Calculating section 179 business income limitation in ProConnect Tax
by Intuit•1• Updated 3 months ago
This article will assist you with calculating section 179 business income limitation in the Individual module of ProConnect Tax.
Table of contents:
IRS Instructions for Form 4562, line 11
The program limits the section 179 on Form 4562, line 11. Per the IRS Instructions for Form 4562:
The total cost you can deduct is limited to your taxable income from the active conduct of a trade or business during the year. You are considered to actively conduct a trade or business only if you meaningfully participate in its management or operations. A passive investor isn't considered to actively conduct a trade or business.
Individuals: Enter the smaller of line 5 or the total taxable income from any trade or business you actively conducted, computed without regard to any section 179 expense deduction, the deduction for one-half of self-employment taxes under section 164(f), or any net operating loss deduction. Also include all wages, salaries, tips, and other compensation you earned as an employee (from Form 1040, line 7). Don't reduce this amount by unreimbursed employee business expenses. If you are married filing a joint return, combine the total taxable incomes for you and your spouse.
How does the program calculate the business income for the section 179 limitation?

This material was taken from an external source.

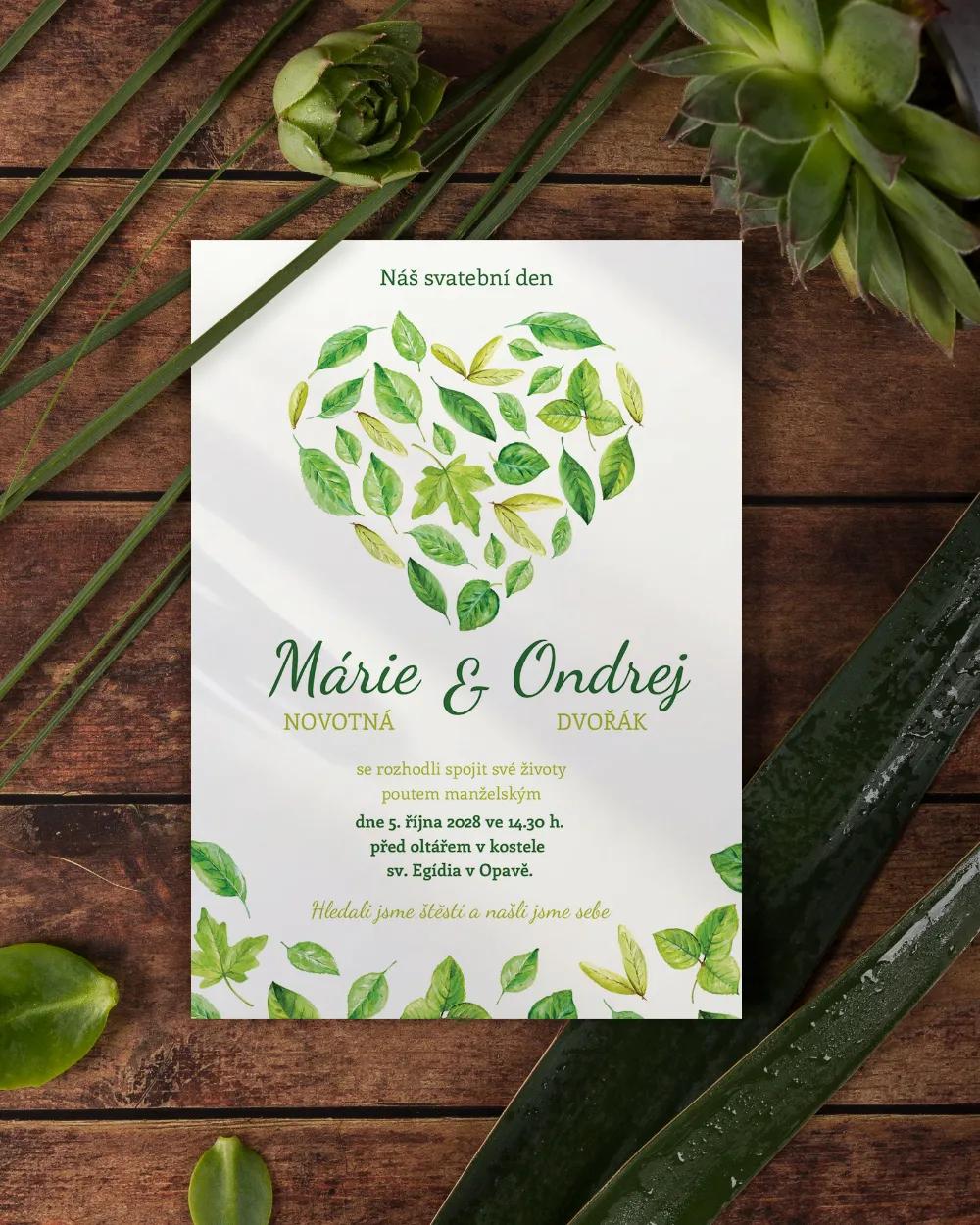 Svadobní ozámení Svěží listy II. 1/2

ProConnect Tax uses entries throughout the program to calculate business income to be used for the Section 179 limitation on Form 4562, Part I. If the section 179 business income limitation applies, the program will generate a Section 179 Expense Limitation Worksheet showing the computation.
The program calculates business income for purposes of the section 179 business income limitation as follows:
Wages, salaries, tips, etc.
+ Business income
- Business loss
+ Farm income
- Farm loss
+ Rental real estate income **
- Rental real estate loss **
+/- Nonpassive Partnership, S corps, Estates, Trusts
+ Income for Real Estate professionals
- Loss for Real Estate Professionals
+Gain on sale of business property
- Loss on sale of business property
-------------------------------------
= Total taxable business income for 4562 Business income limitation, line 11 (line 10 in some prior years)
How do I override the income limitation amount?
- Go to the Input Return tab.
- From the left of the screen, select Deductions and choose Depreciation (Misc./Sec. 179[O]).
- Enter the Taxable income for limitation [O].
How does the program handle rental income?
The program considers rental income entered on the Rental and Royalty Income (Sch E) screen to be passive income with active conduct of a trade or business. Follow these steps to exclude rental income from the section 179 income limitation calculation:
- Go to the Input Return tab.
- From the left of the screen, select Income and choose Rental & Royalty Income (Schedule E).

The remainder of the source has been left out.